La mostra offre anche un “campionario” di modelli di maschere mai esposti a Roma, provenienti dalla bottega di un artigiano di Pompei.
Tra i reperti selezionati, sono notevoli le maschere miniaturistiche della tragedia e commedia greca provenienti dall’isola di Lipari.

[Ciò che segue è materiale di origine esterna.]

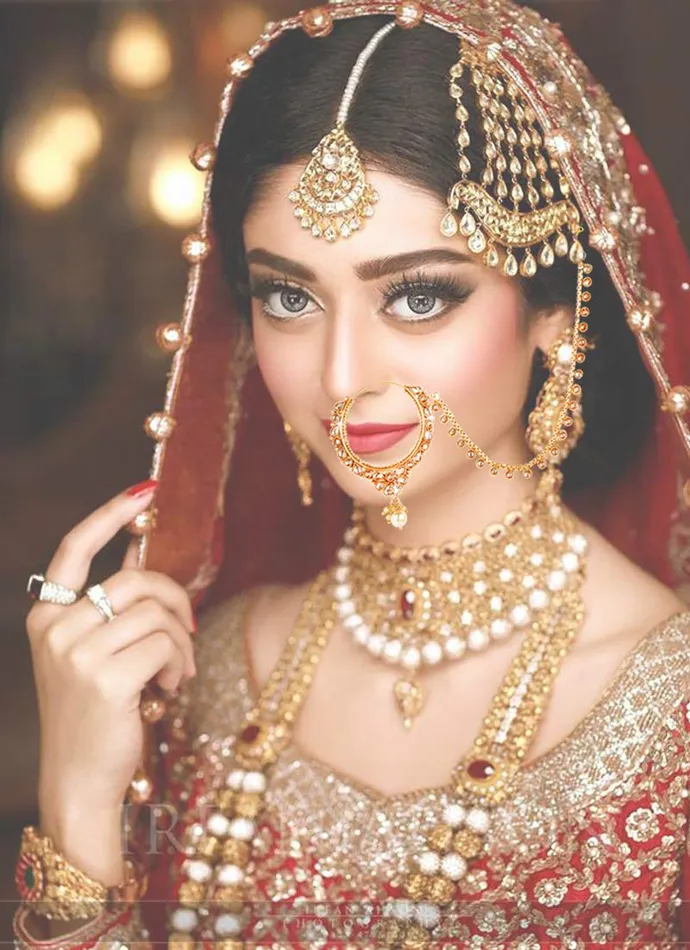Yellow Chimes Yellow Chimes Traditional Kundan Studded Pearl Gold Tone Bridal Nosepins Nath with Chain for Women Girls Necklaces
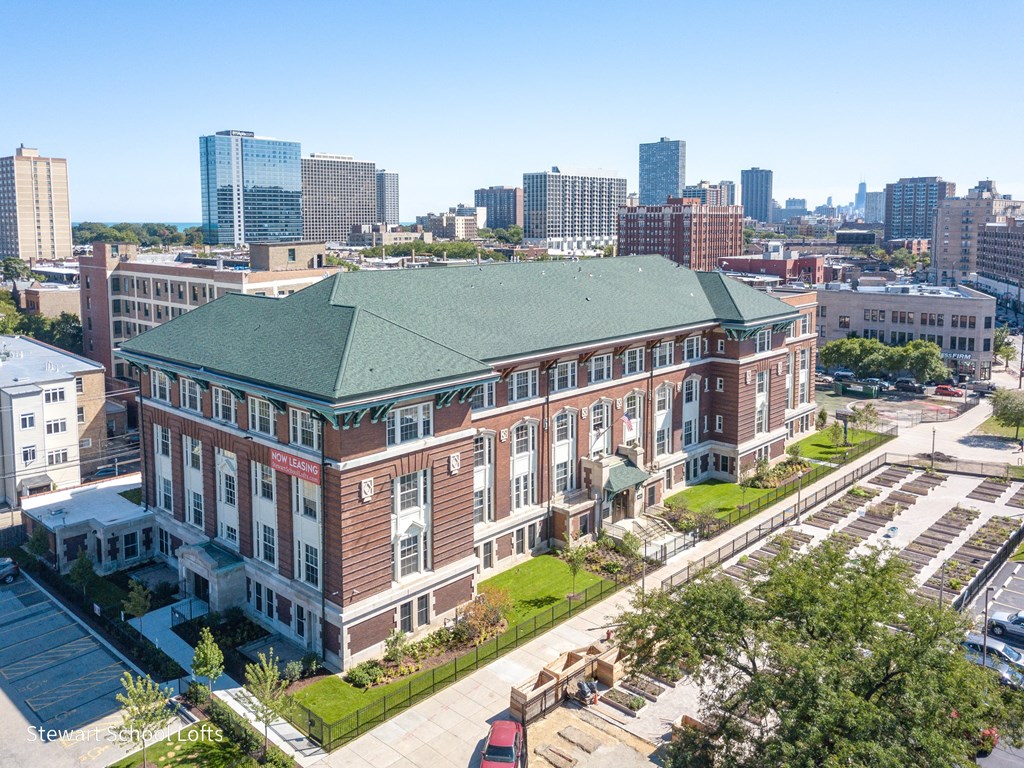 a large brick building with a green roof and a city in the background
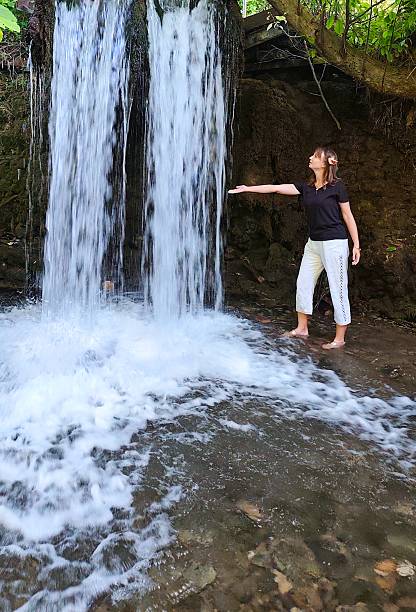 Female swimmer in blue bikini walking through waterfall spray with arms outstretched. Natural forest waterfall setting with sunlight filtering through trees creating dramatic lighting. Joyful outdoor summer recreation moment embracing nature in Norwegian wilderness. Refreshing water experience and adventure lifestyle.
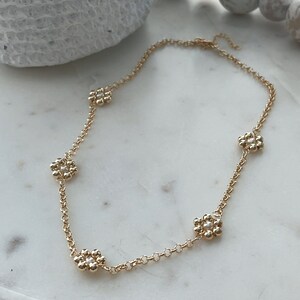 May include: A gold chain necklace with five flower-shaped charms. Each charm is made of small gold beads and has a single white pearl in the centre.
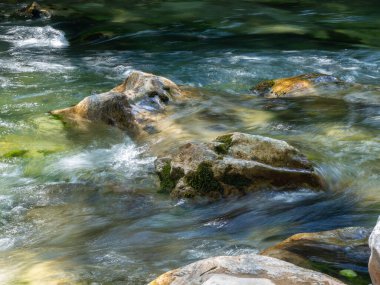 Dağdaki taşların arasından akan suyu oluşturan kıllı bir manzara.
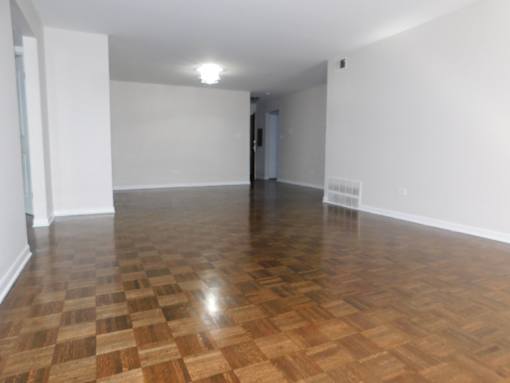 A room with wooden flooring and white walls.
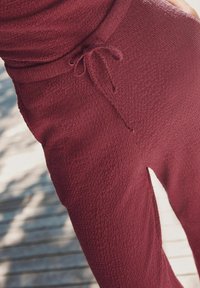 Maroonfarbene, strukturierte Sweatpants mit einem verstellbaren Kordelzugbund und weichem, gewebtem Stoff, seitlich auf einer Holzoberfläche dargestellt.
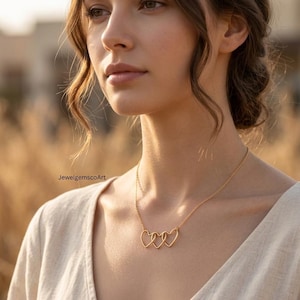 Può includere: Una collana d'oro con tre ciondoli a forma di cuore interconnessi. La collana è indossata da una persona con un top color crema, con uno sfondo sfocato di erba marrone dorato. Il gioiello è delicato ed elegante.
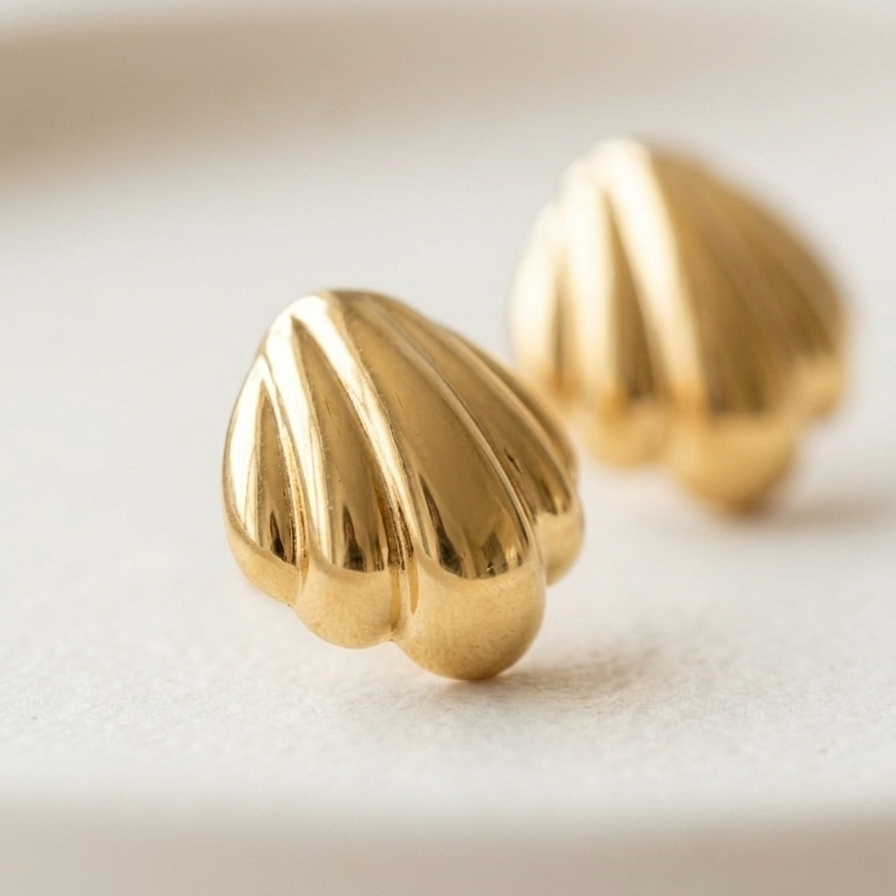 Close up of 18k gold plated stud earrings shaped like polished minimalist scallop seashells, resting on a matte white ceramic dish.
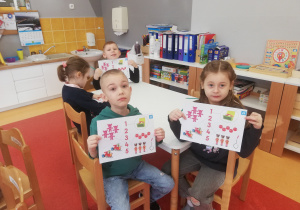 dzieci pokazują wykonane karty pracy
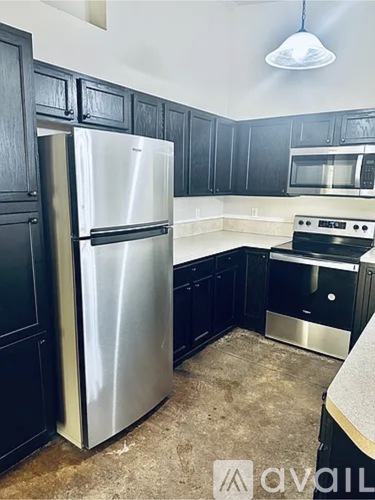 A kitchen with black cabinets and a stainless steel refrigerator.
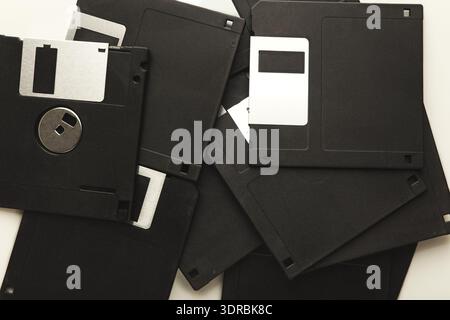 Collection of Black Floppy Disks Arranged in a Mosaic Pattern on a Light Background Stock Photo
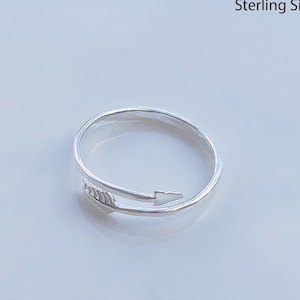 May include: A silver ring with a simple arrow design. The ring is handcrafted from sterling silver.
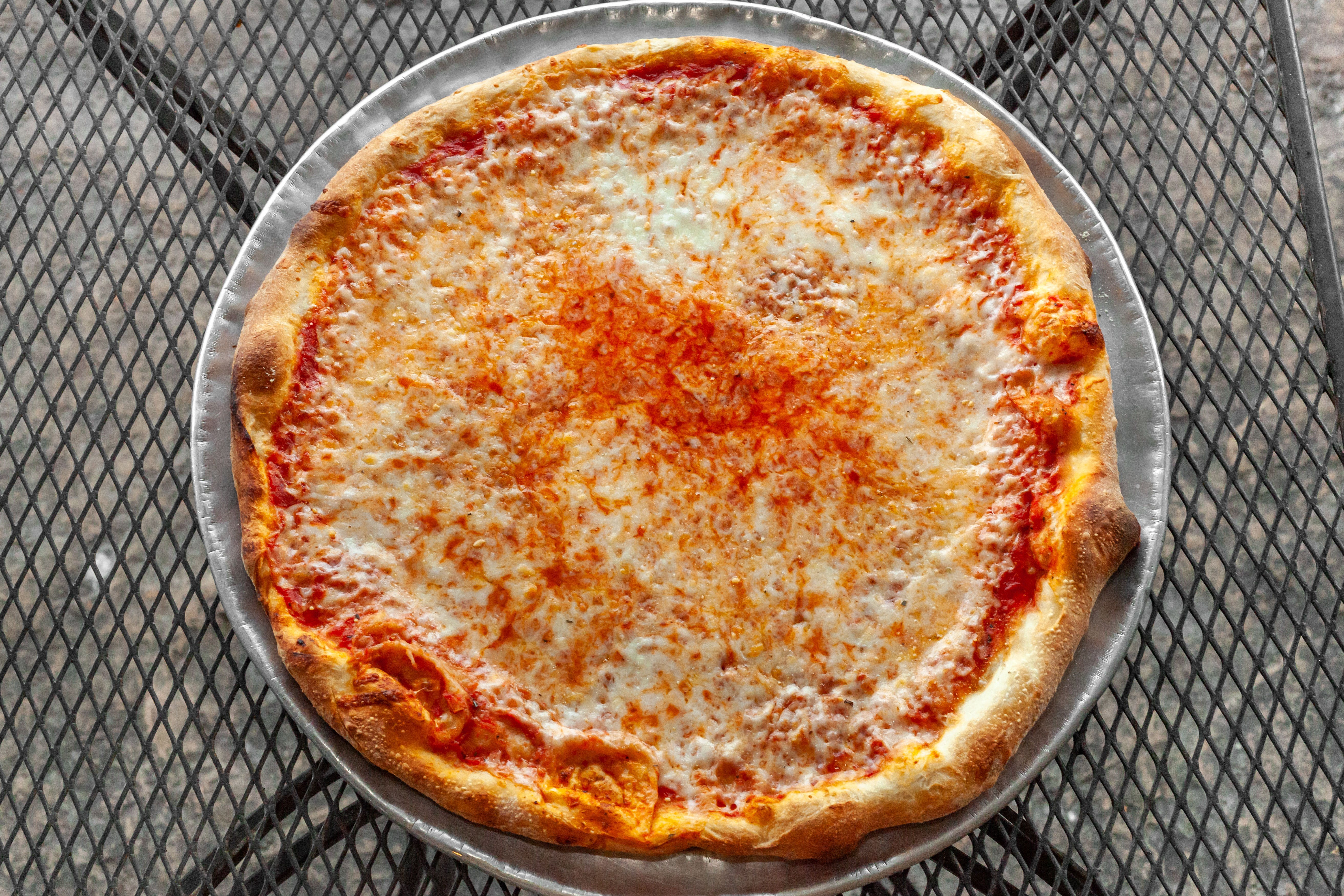 Order Our Traditional Cheese Pizza - Small 10" food online from Italian Delight of Powhatan store, Powhatan on bringmethat.com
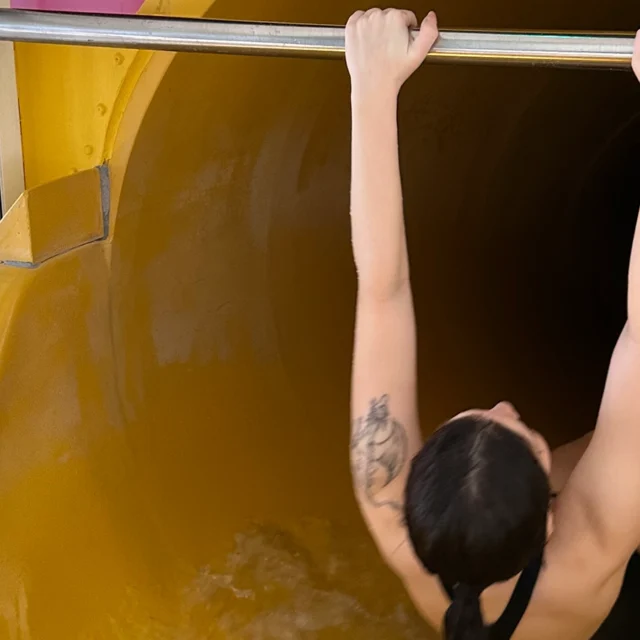 Eine Frau rutscht in einer gelben Rutsche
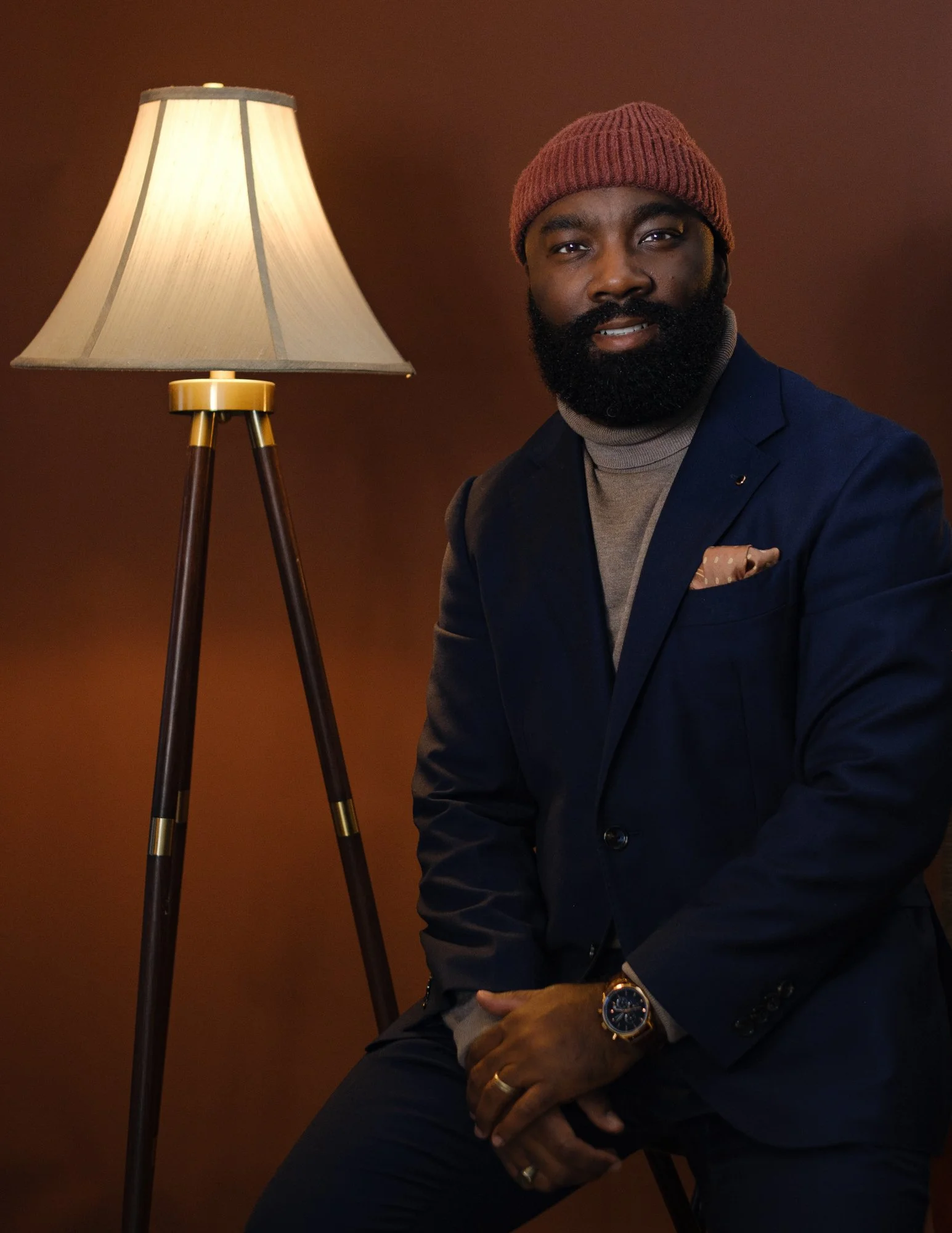 A man with a beard wearing a red beanie, navy blazer, gray turtleneck, and a watch, sitting near a standing lamp with a beige lampshade against a brown background.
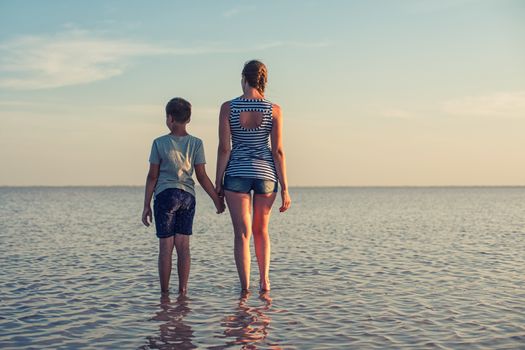 Mother and her son on salty lake with beauty sunset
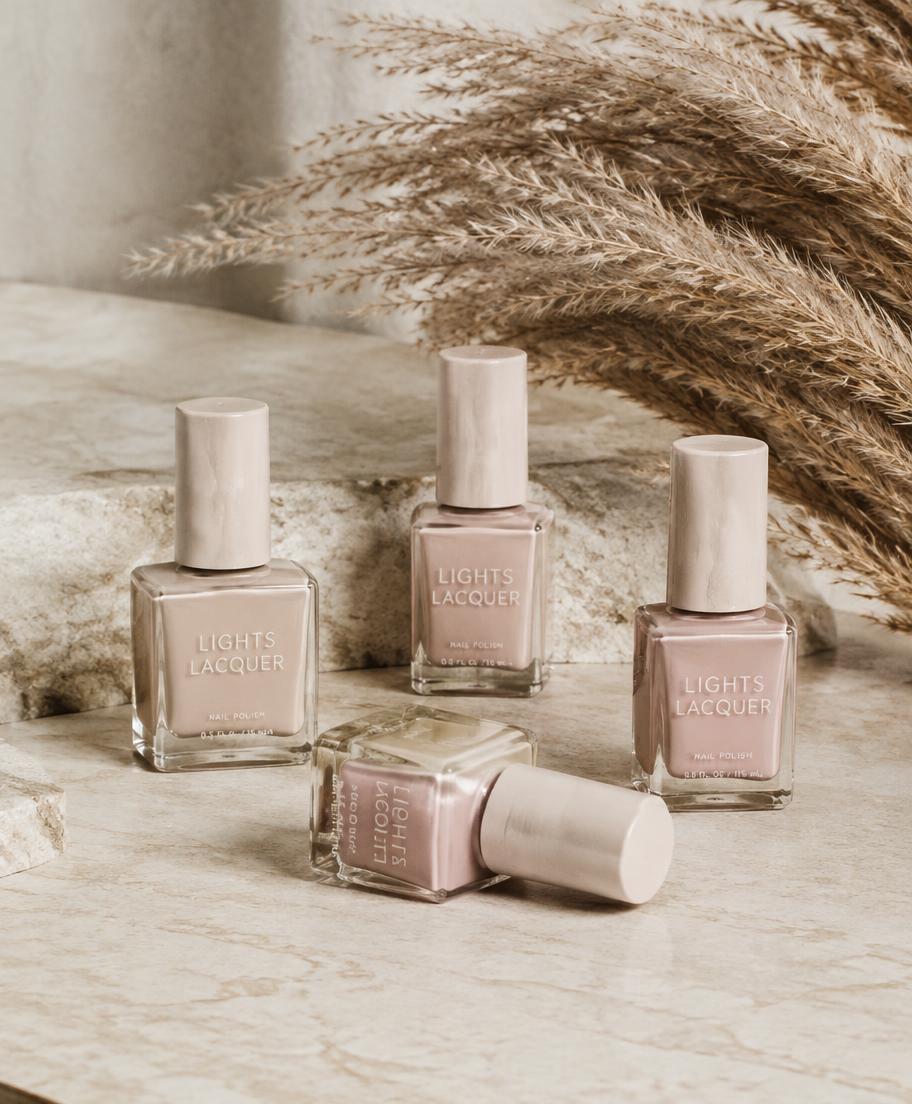 Beige and blush nail polish bottles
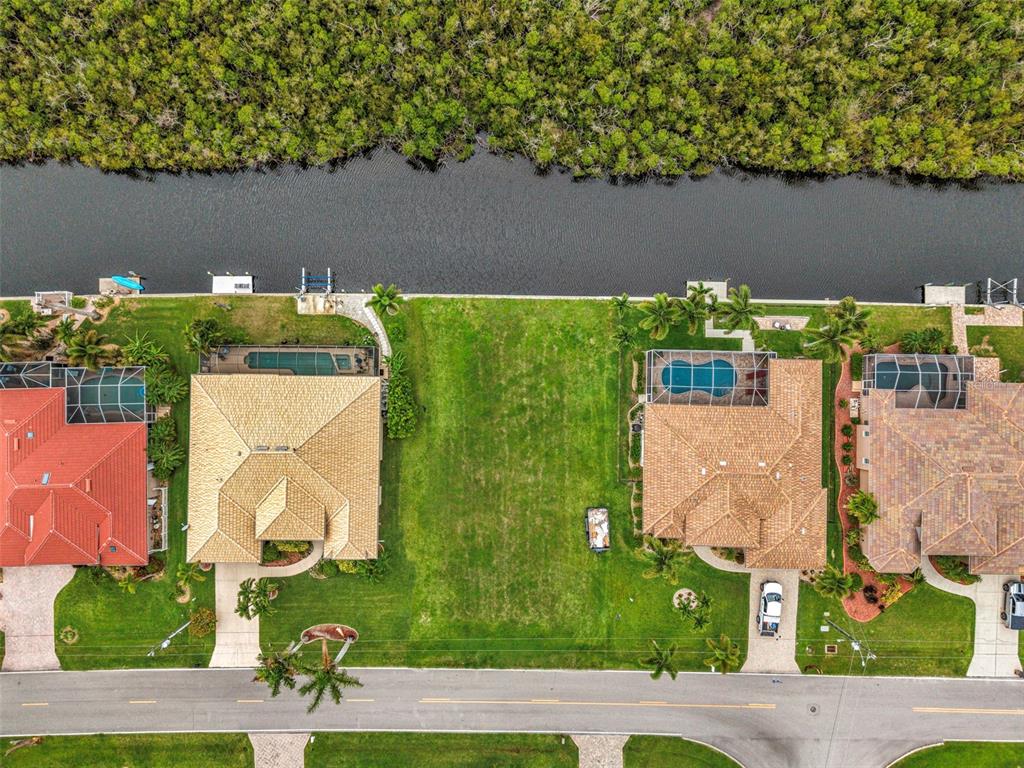An aerial view shows a vacant residential lot situated between two houses along a canal — 645 MACEDONIA DRIVE, PUNTA GORDA, FL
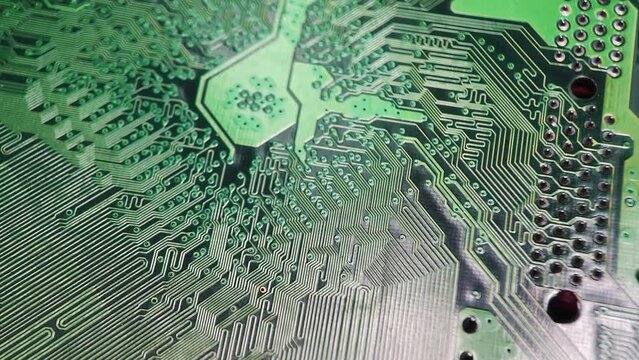 Printed circuit board with electronic components of the computer connection to the socket, chip, top view. Green textolite of an electronic chip with resistors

Ed inoltre e i grandi affreschi parietali di un “camerino” per la compagnia teatrale, provenienti dal teatro romano di Nemi.
Vi è anche una serie di dodici gemme di epoca romana a soggetto teatrale.
E inoltre il ritratto di Marcello con la maschera in bronzo di Papposileno, appartenente alla collezione Fondazione Sorgente Group.
Il percorso espositivo strutturato in sette sezioni
Il percorso espositivo si sviluppa in sette sezioni, seguendo un senso cronologico.
Ogni sezione è arricchita da installazioni multimediali, quali riprese aeree, videomapping, postazioni interattive, interventi recitati da attori che danno voce agli autori e ai i protagonisti del teatro antico.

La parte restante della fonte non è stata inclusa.